==== DATA SHOWN ====

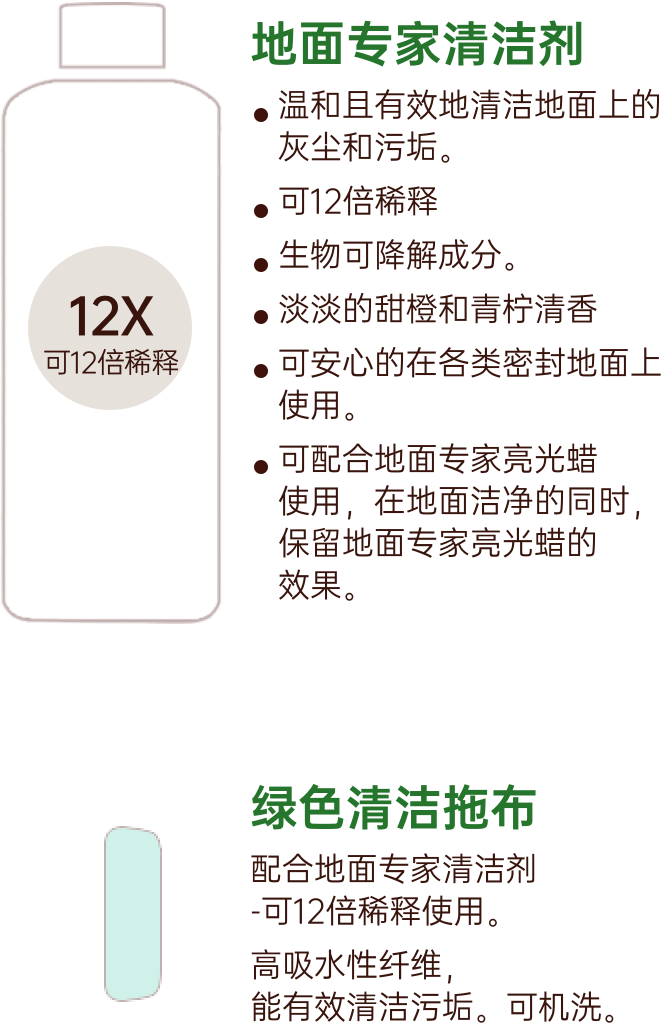 地面专家清洁剂-可12倍稀释｜谢月开百货展示图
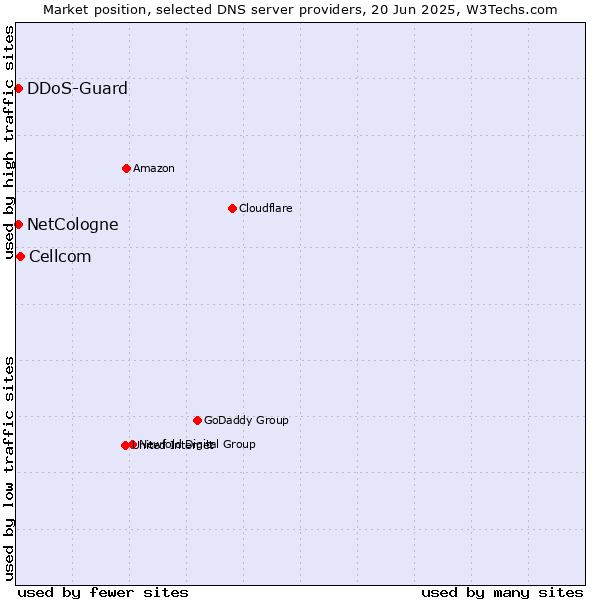 Market position of Cellcom vs. DDoS-Guard vs. NetCologne
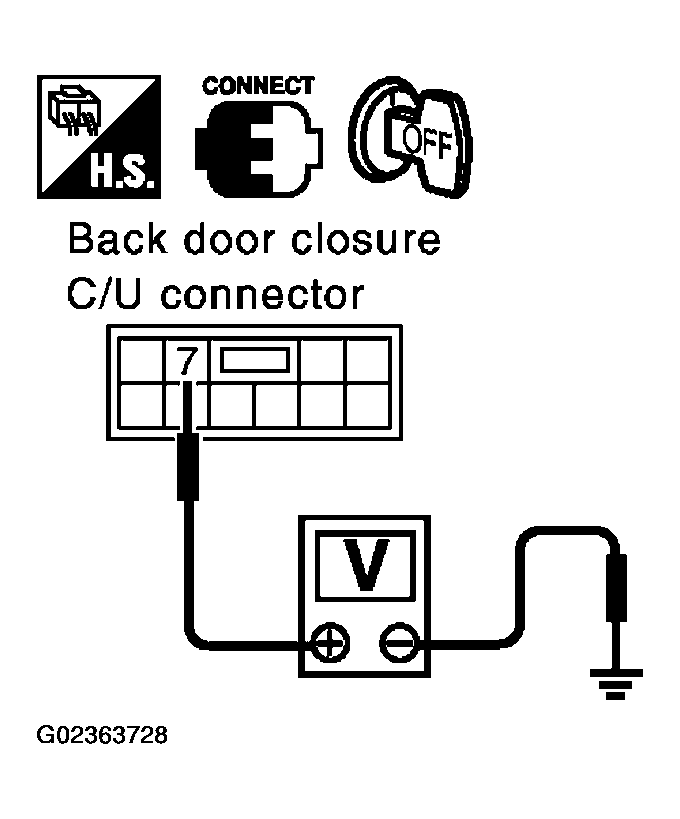 G02363728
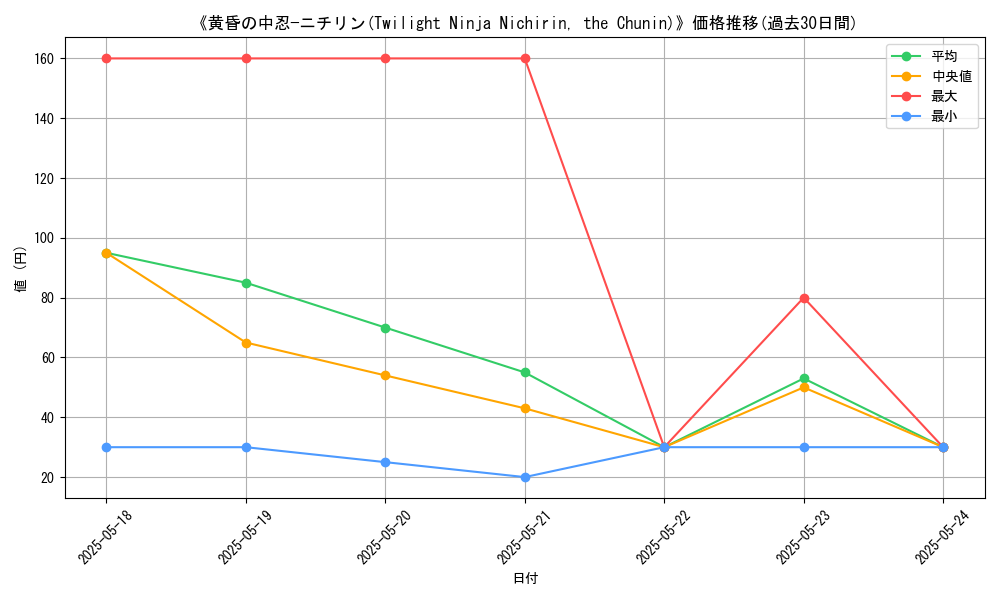 graph_card_116984
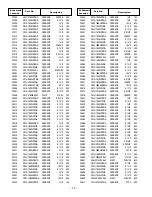 Preview for 12 page of Sanyo DP46848 Service Manual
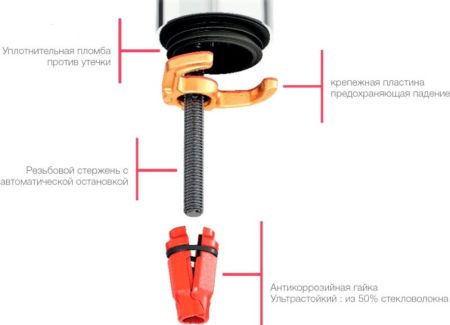 Смеситель для раковины Jacob Delafon Aleo E72277-CP Хром, артикул E72277-CP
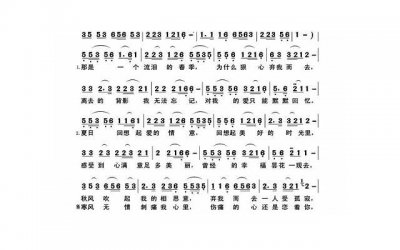 ​成为男神的内在修炼方法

====

WHAT IS EXPECTED:
All lines after and including the one with "Смеситель для раковины", through the end of the entries above, should be output exactly and by themselves. The pictures are to be left out.

SOLUTION TO THIS EXERCISE:
 Смеситель для раковины Jacob Delafon Aleo E72277-CP Хром, артикул E72277-CP
 ​成为男神的内在修炼方法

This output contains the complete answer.